On Thu, Apr 10, 2014 at 05:08:55AM +0200, Serge E. Hallyn wrote:
> Quoting Tejun Heo ([email protected]):
> > * It delivers events by forking and execing a userland binary
> > specified as the release_agent. This is a long deprecated method of
> > notification delivery. It's extremely heavy, slow and cumbersome to
> > integrate with larger infrastructure.
>
> (Not seriously worried about this, but it's a point worth considering)
> It does have one advantage though: if the userspace agent goes bad,
> cgroups can still be removed on empty.
>
> Do you plan on keeping release-on-empty around? I assume only for a
> while?
The new mechanism is only for the unified hierarchy.

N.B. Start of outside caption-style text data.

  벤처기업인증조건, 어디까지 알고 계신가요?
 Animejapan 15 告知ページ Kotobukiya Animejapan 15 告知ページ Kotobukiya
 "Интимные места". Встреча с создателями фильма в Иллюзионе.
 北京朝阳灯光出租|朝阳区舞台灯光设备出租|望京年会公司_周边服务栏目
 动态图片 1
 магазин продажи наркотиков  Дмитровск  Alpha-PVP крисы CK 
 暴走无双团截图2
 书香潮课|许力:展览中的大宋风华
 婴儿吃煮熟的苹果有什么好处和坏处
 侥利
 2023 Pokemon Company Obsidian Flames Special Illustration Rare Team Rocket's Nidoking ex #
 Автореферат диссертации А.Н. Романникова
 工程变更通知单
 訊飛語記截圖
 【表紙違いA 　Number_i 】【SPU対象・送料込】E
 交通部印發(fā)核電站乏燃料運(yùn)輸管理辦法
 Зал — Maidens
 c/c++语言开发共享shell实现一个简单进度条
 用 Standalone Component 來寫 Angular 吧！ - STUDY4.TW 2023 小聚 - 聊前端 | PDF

The old one will
be kept around for other hierarchies.
> Do you think there is any value in having a simpler "remove-when-empty"
> file? Doesn't call out to userspace, just drops the cgroup when there
> are no more tasks or sub-cgroups?
I don't think so. Implementing such simplistic mechanism in userland
is trivial and even independent failover mechanisms can be easily
implemented from userland as multiple entities can set up watches. I
don't think there's much value in providing another mechanism from
kernel side. The only reason why release_agent thing got as complex
as it is is because the mechanism is fundamentally flawed - clumsy
delivery, no multiple watches, single watch point - so people tried to
work around it by adding event filtering from kernel side, which is
quite backwards IMHO. With proper event mechanism, everything should
be easily achievable from userland side.
> > * Events are filtered from the kernel side. "notify_on_release" file
> > is used to subscribe to or suppres release event and events are not
> > generated if a cgroup becomes empty by moving the last task out of
> > it; however, event is generated if it becomes empty because the last
> > child cgroup is removed. This is inconsistent, awkward and
>
> Hm, maybe I'm misreading but this doesn't seem right. If I move
> a task into x1 and kill the task, x1 goes away. Likewise if I
> create x1/y1, and rmdir y1, x1 goes away. I suspect I'm misunderstanding
> the case in which you say it doesn't happen?
The case where you move a task out of x1/y1 to another cgroup doesn't
generate an event. One could say that that's unnecessary because the
mover knows that the cgroup is becoming empty; however, it excludes
any cases where there are more than one actors and the same can be
said for cases when the actor is removing a child.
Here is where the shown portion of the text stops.